The Church is a People
Some things just stick with you--it doesn’t matter how many years pass or how your circumstances change. This week my memory kicked in with this song: “The church is a not a dwelling place, the church is a people.” I don’t recall who first taught me the words to the song I am the Church. It was, no doubt, a Sunday School teacher at Bellefontaine Methodist Church. That was a long time ago, but these words most likely settled on me this week because we are currently not physically gathering for worship. Right now we worship in ways unimaginable sixty years ago—in cars, by computer, by phone, in our
pajamas, at a distance. But the words to this song still ring true. We are still the Church even though we are not physically together. In fact, we have never stopped being the Church.

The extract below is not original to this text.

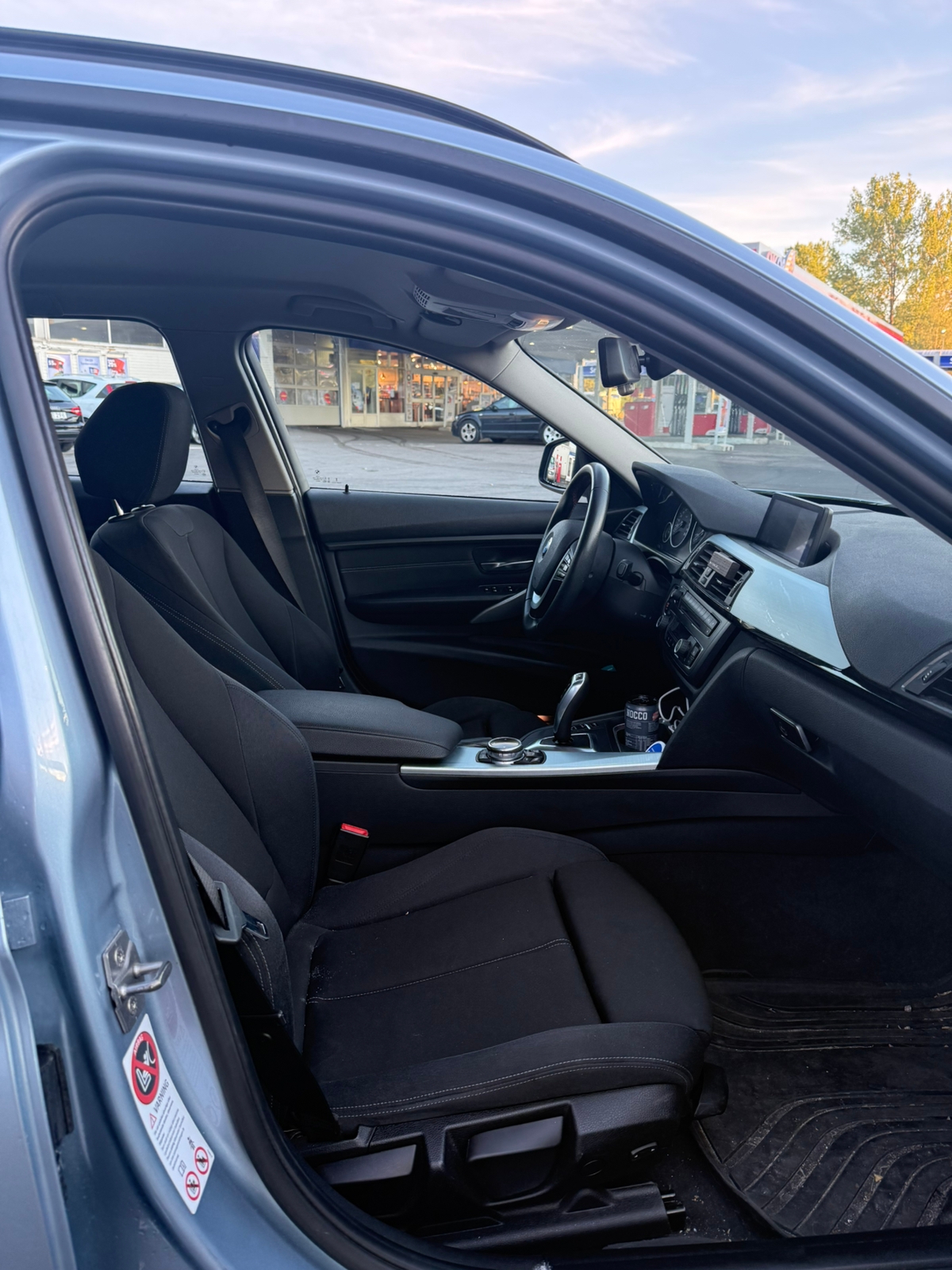 BMW 320 d xDrive Touring Steptronic 2014, bild 6/6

We will be gathering together in the sanctuary some day soon. Like most every other gathering place in our world, some of our practices will be different when we get together (hopefully pants will still be required!). The Leadership Board of Green Trails has organized a committee to work on the sanctuary’s re-opening. The committee consists of some members of the Leadership Board, UMCGTstaff, and your new pastor, Linda Settles. If you have any questions or concerns please contact Jeffrey Heyl at jeffrey @umcgt.org.
Although all of us have had to live with some restrictions, the purposes of God know no constraint and continue for good. Take some time to think about the story of Pentecost:
Acts 2:1-21 The Message (MSG)
A Sound Like a Strong Wind
2 1-4 When the Feast of Pentecost came, they were all together in one place. Without warning there was a sound like a strong wind, gale force—no one could tell where it came from. It filled the whole building. Then, like a wildfire, the Holy Spirit spread through their ranks, and they started speaking in a number of different languages as the Spirit prompted them.

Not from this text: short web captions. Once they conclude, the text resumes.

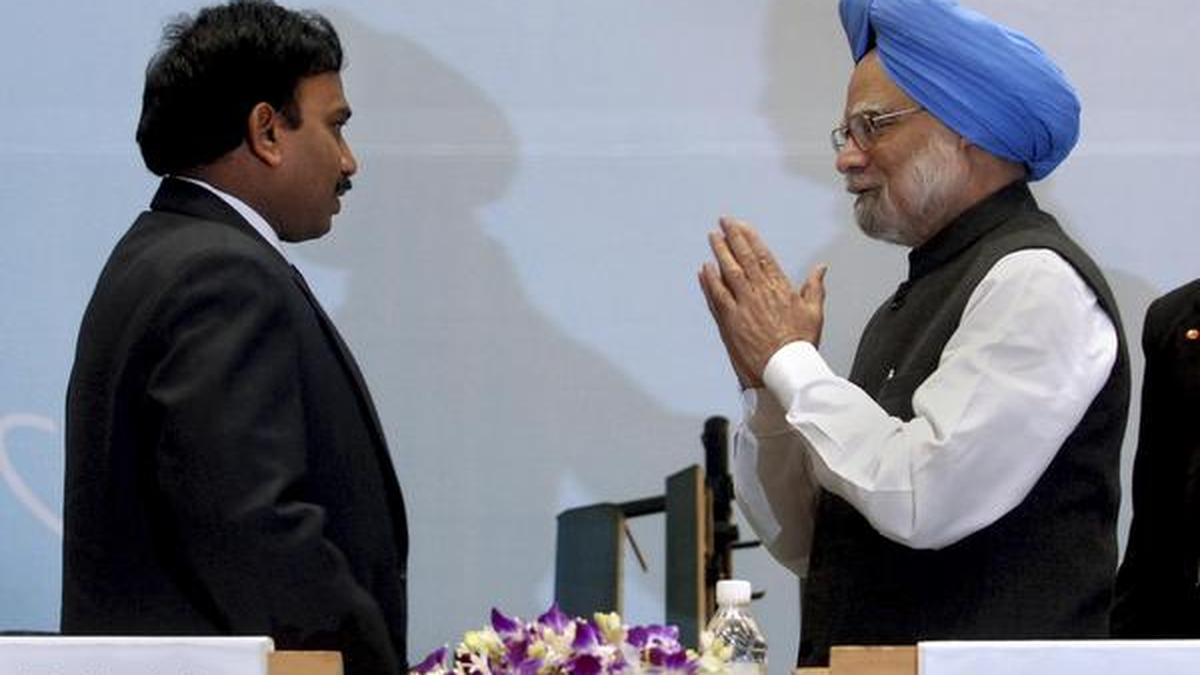 तत्कालीन प्रधान मंत्री मनमोहन सिंह ने 4 दिसंबर, 2009 को नई दिल्ली में तत्कालीन केंद्रीय दूरसंचार मंत्री ए. राजा का स्वागत किया।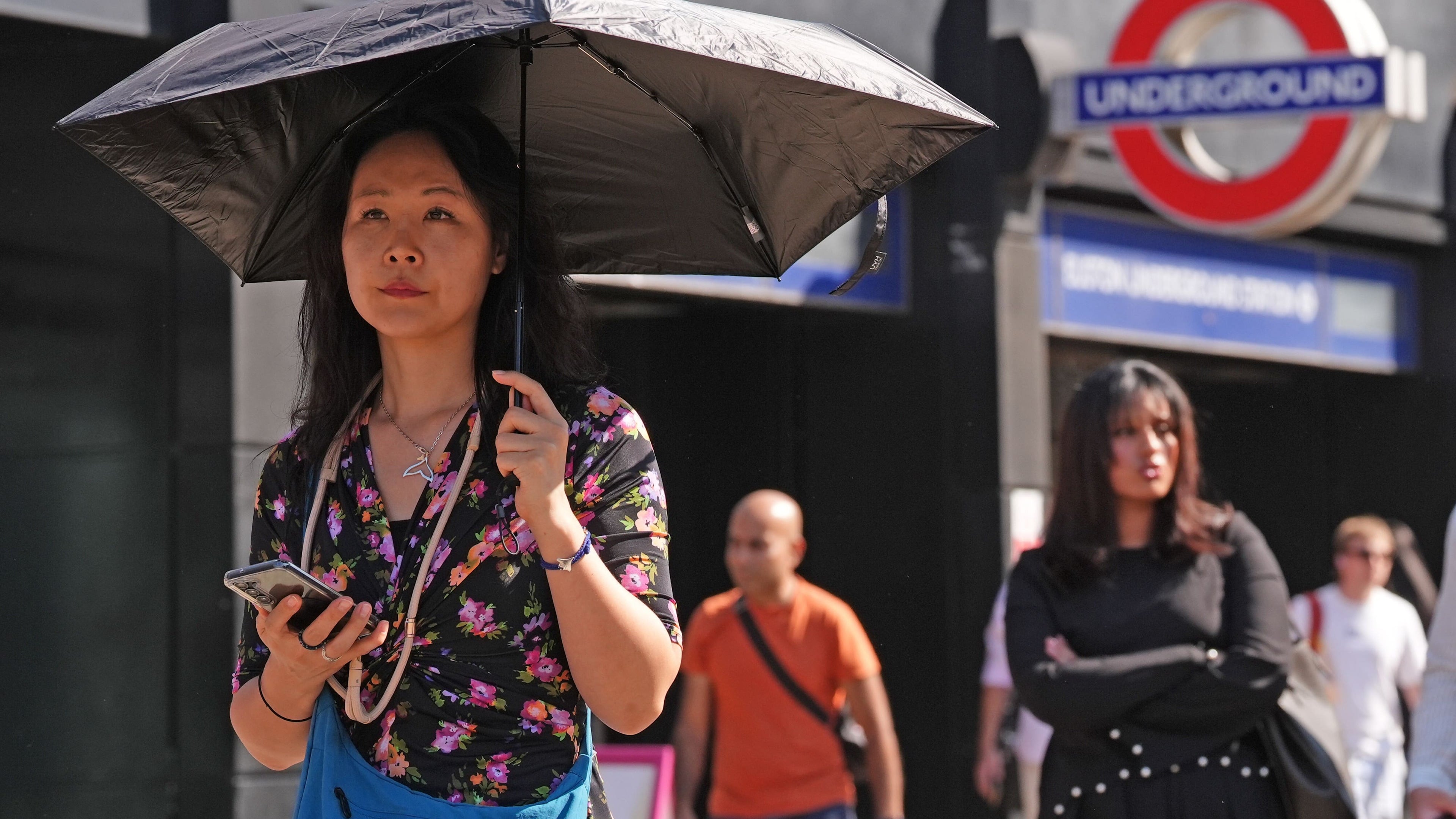 July heatwave keeps shoppers at home in blow for high street
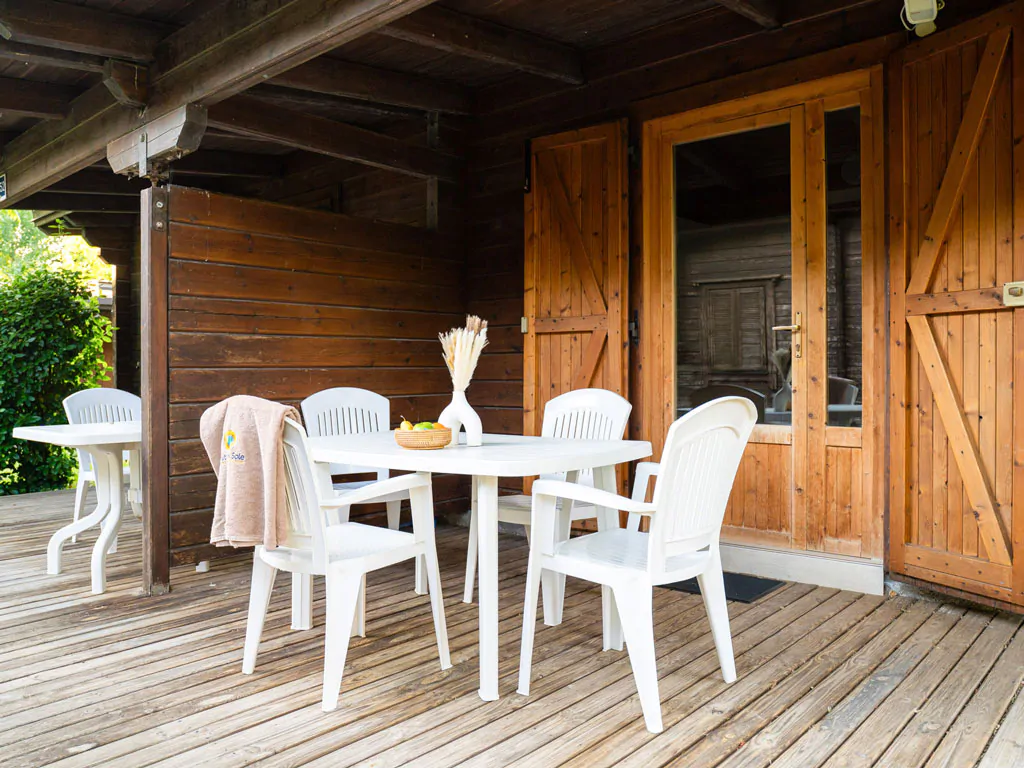 adriano-family-collection-mobile-home-chalet-superior-exterior-terrace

5-11 There were many Jews staying in Jerusalem just then, devout pilgrims from all over the world. When they heard the sound, they came on the run. Then when they heard, one after another, their own mother tongues being spoken, they were thunderstruck. They couldn’t for the life of them figure out what was going on, and kept saying, “Aren’t these all Galileans? How come we’re hearing them talk in our various mother tongues?

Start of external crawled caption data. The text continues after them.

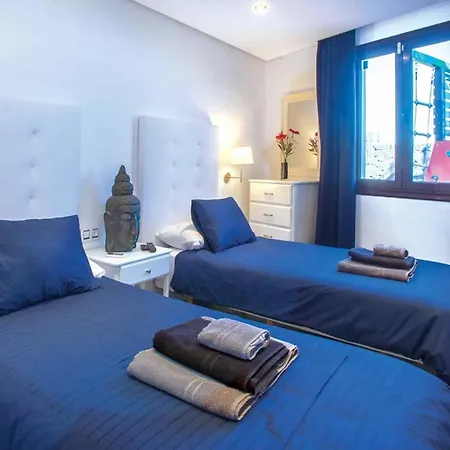 Playa Blanca Sleeps 12 Air Con Wifi Willa *
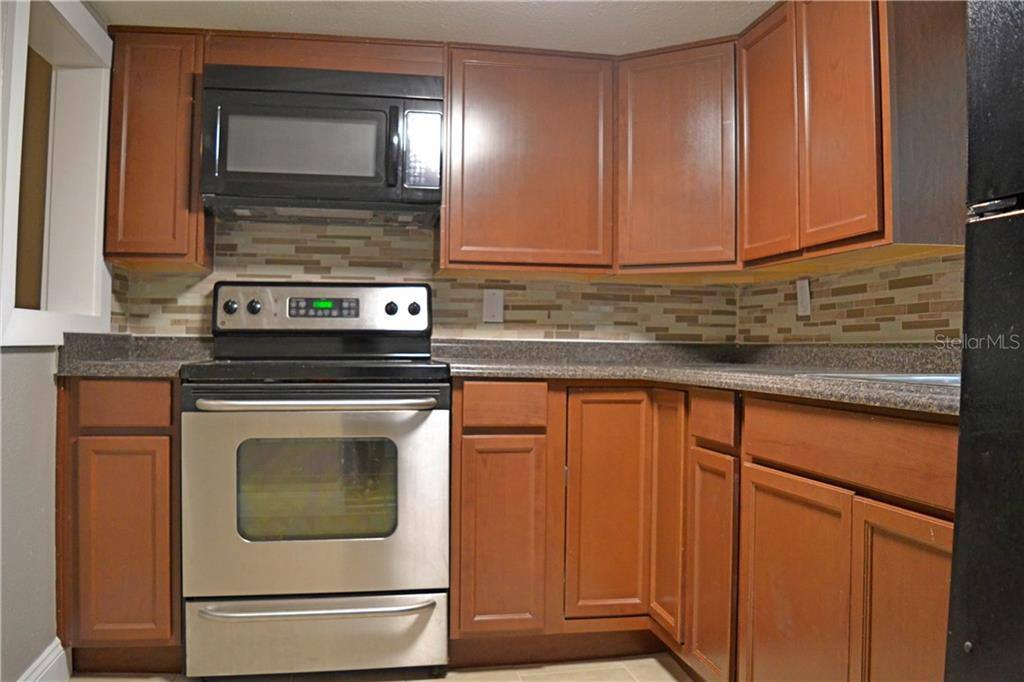 Apartment for rent at 647 S Delaware Ave #647, Deland, FL 32720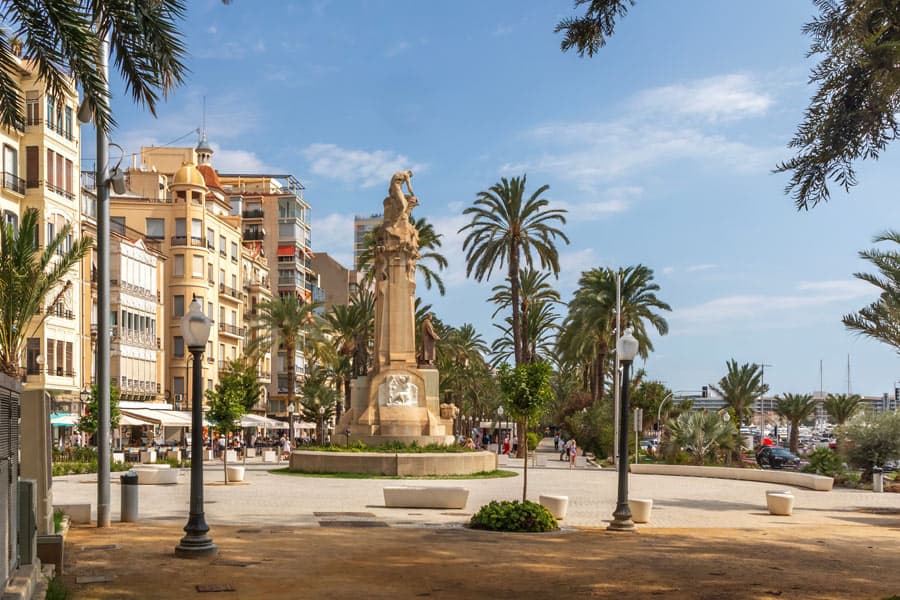 Mediterrane Magie: Ein Streifzug durch Alicante Promenade--alicante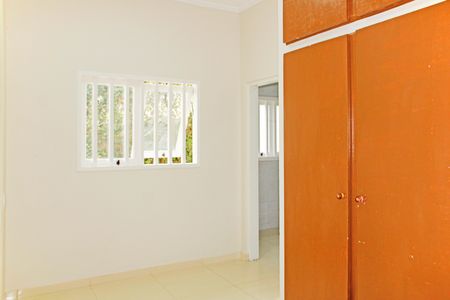Casa de condomínio para alugar com 680m², 5 quartos e 5 vagasQuarto de serviço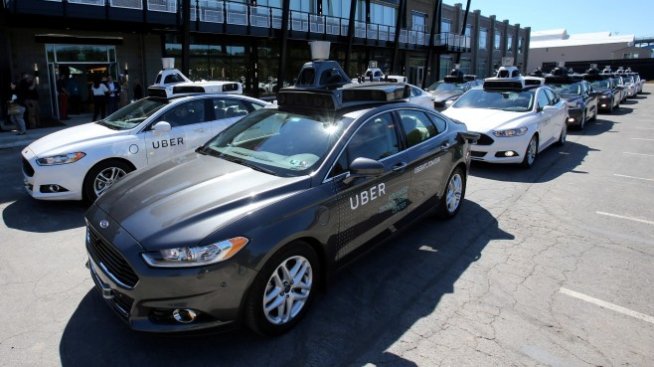 Автономните коли на Uber "не виждат" велосипедистите
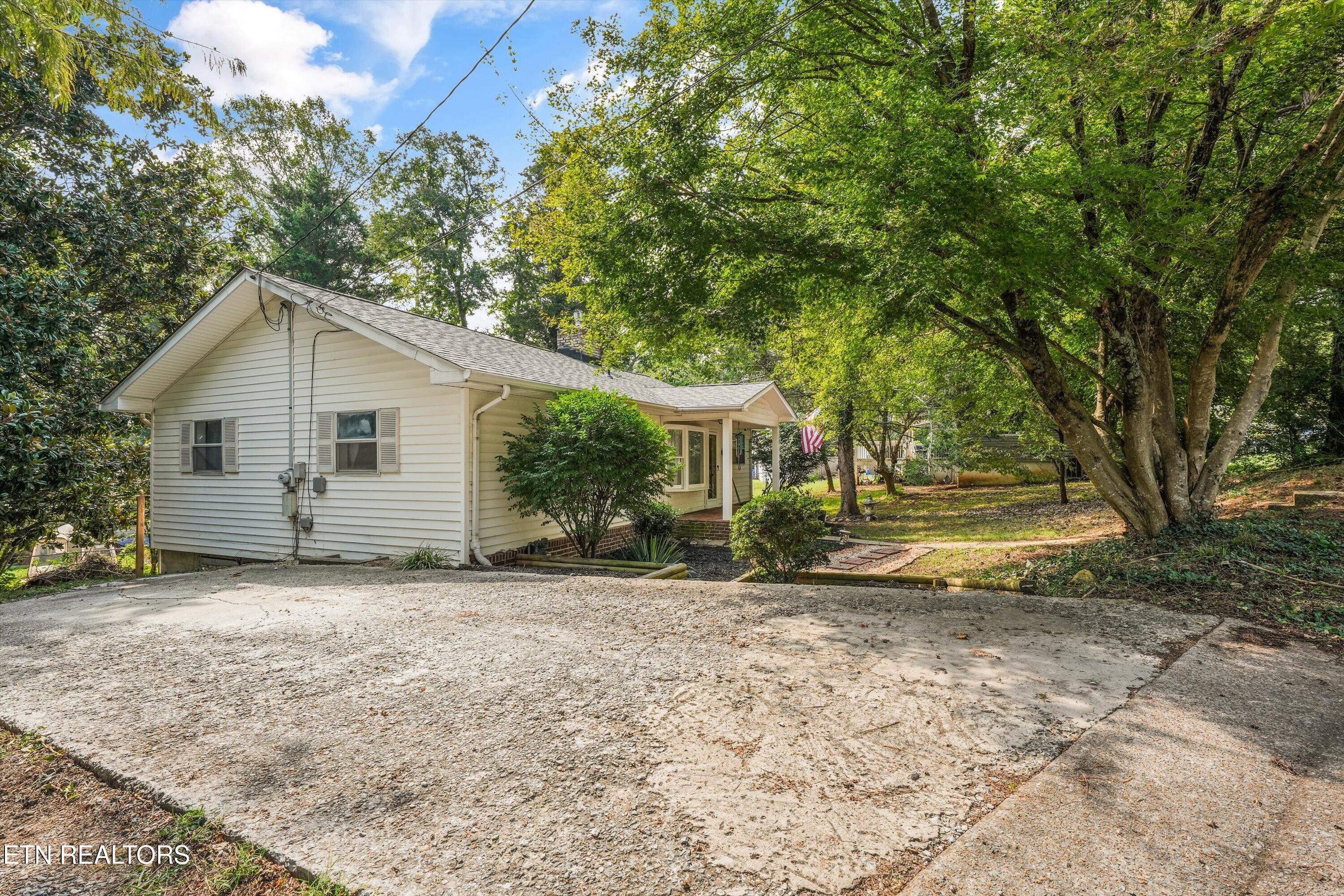 303 W Outer Drive Oak Ridge TN 37830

Parthians, Medes, and Elamites; Visitors from Mesopotamia, Judea, and Cappadocia, Pontus and Asia, Phrygia and Pamphylia, Egypt and the parts of Libya belonging to Cyrene; Immigrants from Rome, both Jews and proselytes; Even Cretans and Arabs!
“They’re speaking our languages, describing God’s mighty works!”
12 Their heads were spinning; they couldn’t make head or tail of any of it. They talked back and forth, confused: “What’s going on here?”
13 Others joked, “They’re drunk on cheap wine.”
Peter Speaks Up
14-21 That’s when Peter stood up and, backed by the other eleven, spoke out with bold urgency: “Fellow Jews, all of you who are visiting Jerusalem, listen carefully and get this story straight. These people aren’t drunk as some of you suspect. They haven’t had time to get drunk—it’s only nine o’clock in the morning. This is what the prophet Joel announced would happen:
“In the Last Days,” God says, “I will pour out my Spirit on every kind of people: Your sons will prophesy, also your daughters; Your young men will see visions, your old men dream dreams. When the time comes, I’ll pour out my Spirit On those who serve me, men and women both, and they’ll prophesy. I’ll set wonders in the sky above and signs on the earth below, Blood and fire and billowing smoke, the sun turning black and the moon blood-red, Before the Day of the Lord arrives, the Day tremendous and marvelous; And whoever calls out for help to me, God, will be saved.”